(Image-caption web data)
-.-.-

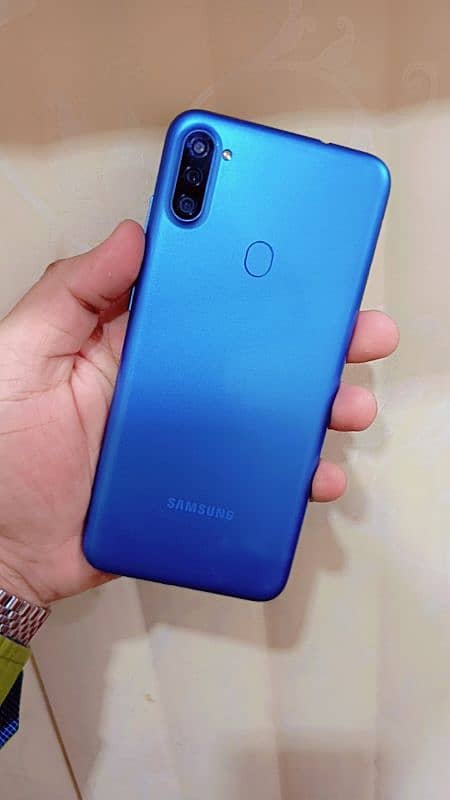 samsung a11 0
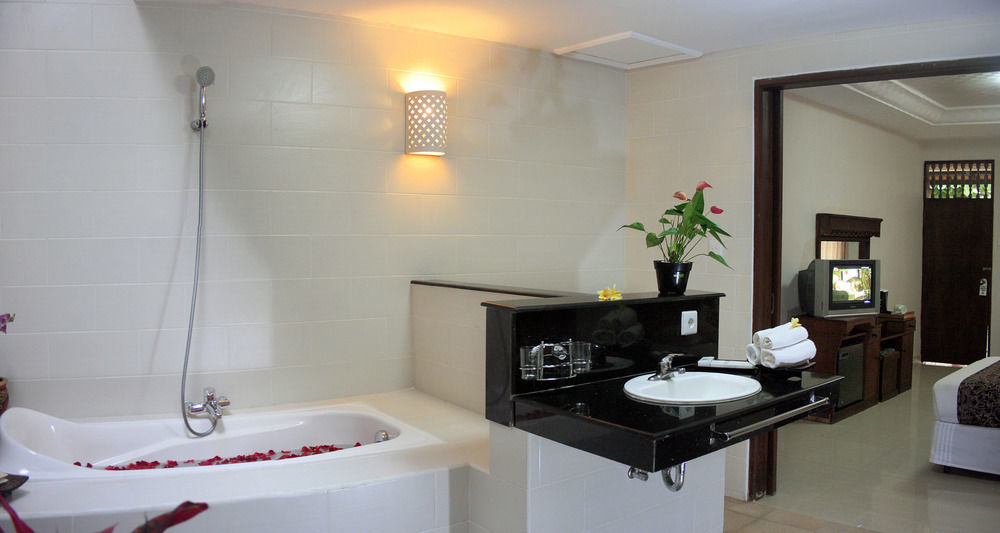 The Taman Ayu Hotel Kerobokan  Ngoại thất bức ảnh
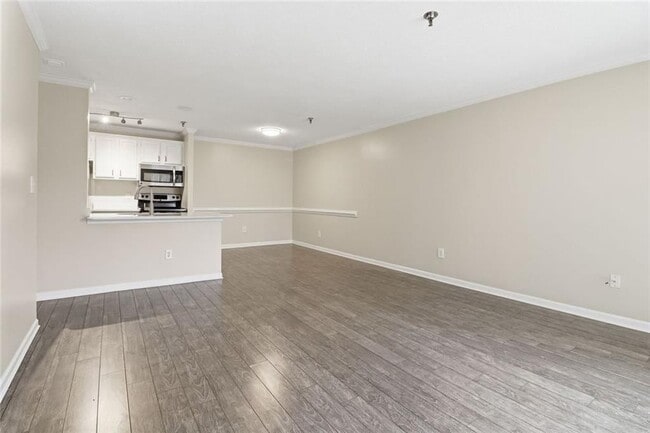 Photo - 300 Johnson Ferry Rd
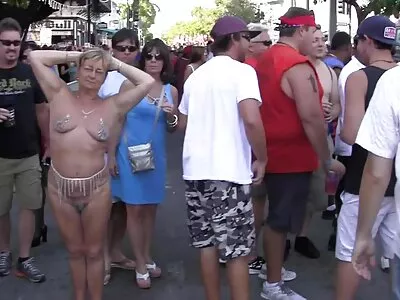 Baisée par un homme video xxx anale avec une paire de lunettes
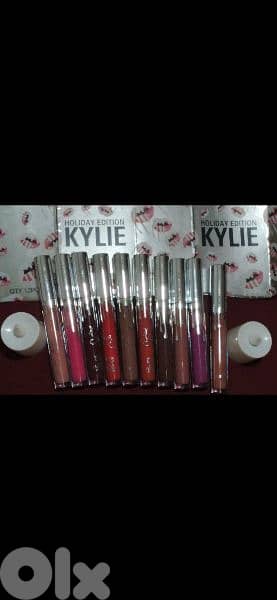 kylie lipstick waterproof 20$ the box 2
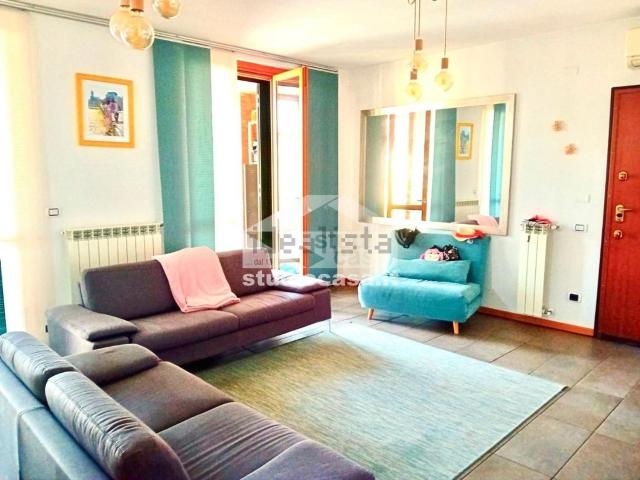 Appartamento in vendita di 91 m² in Via Rossate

-.-.-

=== Instructions to follow ===
What you print must match the entries exactly, except that no pictures appear.

=== Problem solution ===
 samsung a11 0
 The Taman Ayu Hotel Kerobokan  Ngoại thất bức ảnh
 Photo - 300 Johnson Ferry Rd
 Baisée par un homme video xxx anale avec une paire de lunettes
 kylie lipstick waterproof 20$ the box 2
 Appartamento in vendita di 91 m² in Via Rossate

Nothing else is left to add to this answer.